There are many companies that could benefit if the Bank of England meets expectations at noon in London  - 7 a.m. Eastern time - and cuts interest rates for the first time in more than seven years.  But London's banks won't be among those.

The central bank is widely expected to opt for a quarter-point cut to 0.25%  in response to a slowdown triggered by the U.K's vote to leave the  EU and what many predict, is a recession in the making.

But shares of the larger U.K banks were up during early London trading. HSBC (HSBC) was leading the board with a gain of 1.6%, to 500 pence ($6.50), followed by Barclays (BCS) , Royal Bank of Scotland (RBS) and Lloyds (LLY - Get Report) .

With net-interest margins at or close to historic lows and investment banking businesses out of favour, earnings growth at U.K. banks has tended to be driven by expanded loan books, write-backs from falling loan impairments and stable-moderately lower litigation costs.

It seems that the best the sector can hope for in Thursday's announcement is to be able to somehow neutralise any effect on profitability from the Bank of England decision, although how this will be achieved remains to be seen.
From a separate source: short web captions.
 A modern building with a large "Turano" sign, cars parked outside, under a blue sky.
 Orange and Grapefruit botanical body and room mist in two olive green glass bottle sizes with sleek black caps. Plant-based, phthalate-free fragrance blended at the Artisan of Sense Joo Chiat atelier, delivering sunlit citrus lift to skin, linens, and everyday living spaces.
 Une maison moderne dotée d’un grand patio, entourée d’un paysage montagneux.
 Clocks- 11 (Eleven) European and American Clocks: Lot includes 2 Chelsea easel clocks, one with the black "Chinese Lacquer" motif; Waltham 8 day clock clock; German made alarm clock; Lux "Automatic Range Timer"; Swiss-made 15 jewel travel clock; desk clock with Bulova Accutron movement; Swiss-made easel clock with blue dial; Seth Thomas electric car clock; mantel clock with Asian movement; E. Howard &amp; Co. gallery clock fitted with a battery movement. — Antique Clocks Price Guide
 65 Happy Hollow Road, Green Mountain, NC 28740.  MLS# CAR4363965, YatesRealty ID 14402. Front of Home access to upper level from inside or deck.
Barclays CEO Jes Staley said on July 25 that zero and negative interest rates are ineffective in addressing weakness in the economy, but highly destructive for the financial systems which are subject to them.

Staley also advocated against jumping to too quick a judgement on the likely effects of the referendum on the long- term health of the British economy.
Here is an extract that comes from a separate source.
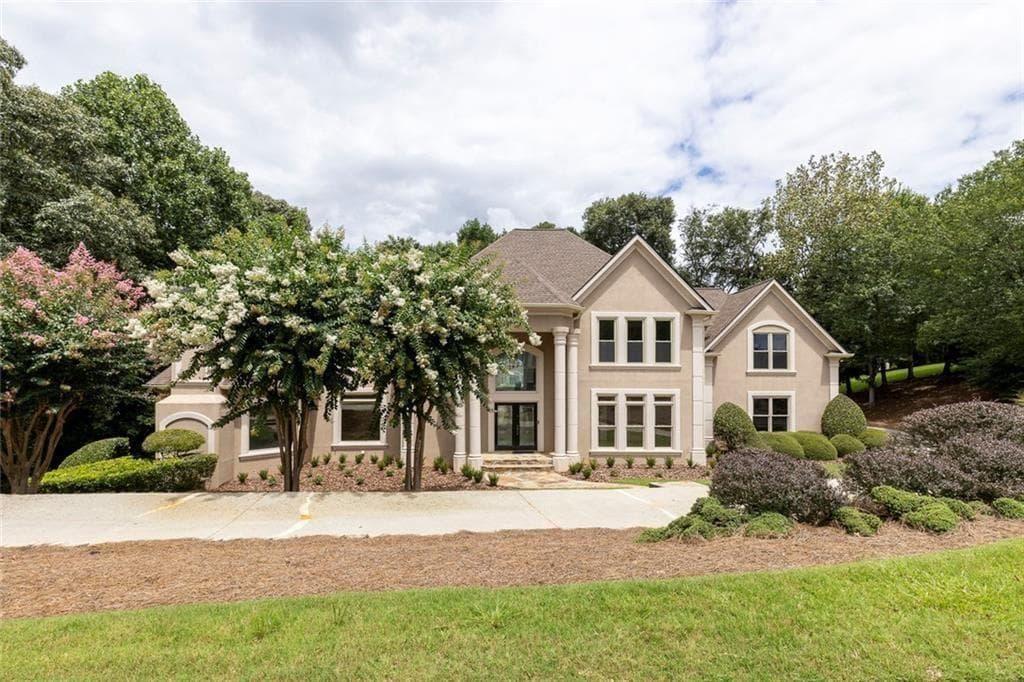 5 bedroom, 6 bathroom, 6,808 sq ft single family residence for sale at 8445 Sentinae Chase Drive, Roswell, GA 30076
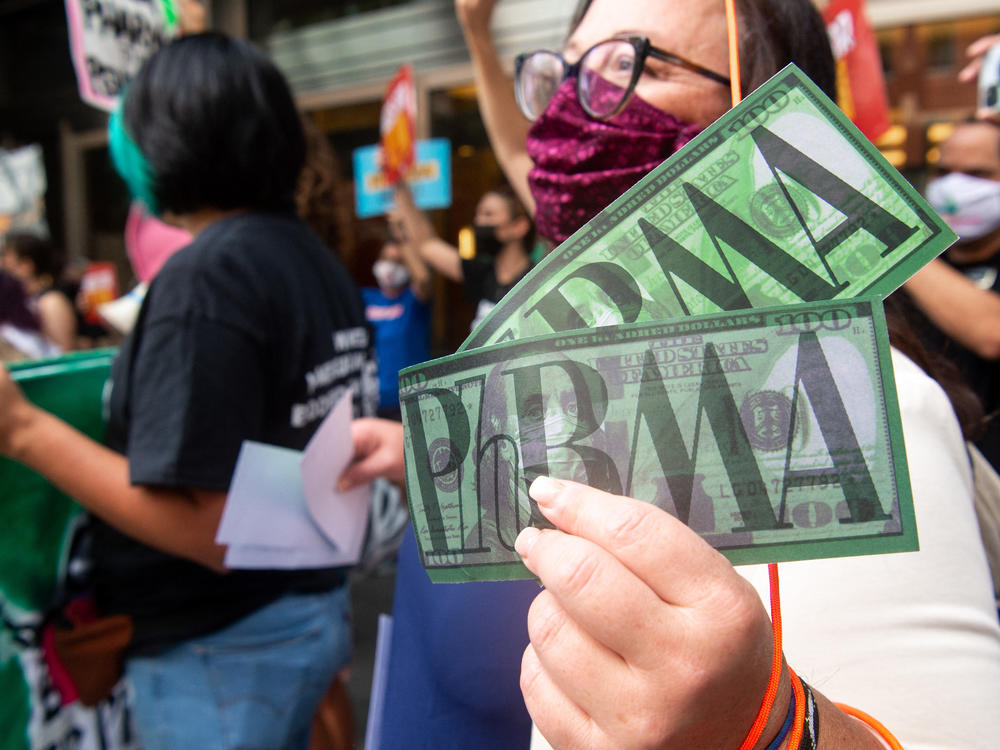 Demonstrators outside PhRMA headquarters in Washington, D.C., protest lobbying by pharmaceutical companies to keep Medicare from negotiating lower prescription drug prices.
If the MPC does cut rates on Thursday then the move will leave the bank rate just 25 basis points above zero and, with year-on-year inflation running at 0.5%, it will force the U.K's real interest rate into negative territory for the first time in history.

In a sign of what might be to come if the BoE does drive rates lower, the Royal Bank of Scotland is reported to have written to business customers at the end of July notifying them of a change to its terms and conditions. The changes will now allow the bank to charge negative interest rates on business deposits.

In a low or negative interest-rate environment, domestic banks without overseas assets will be the most exposed to margin and profitability pressures, although the problem will be magnified for challenger banks whose smaller scale makes it harder for them to grow when profit is under pressure.

Share of challenger banks were all lower in early trading, with OneSavings Bank (OSVBF) leading the decline and trading down 1.9% at 203.0 pence. Virgin Money (VRGDF) , Metro Bank (MBNKF) and Shawbrook were all down by around 0.5%.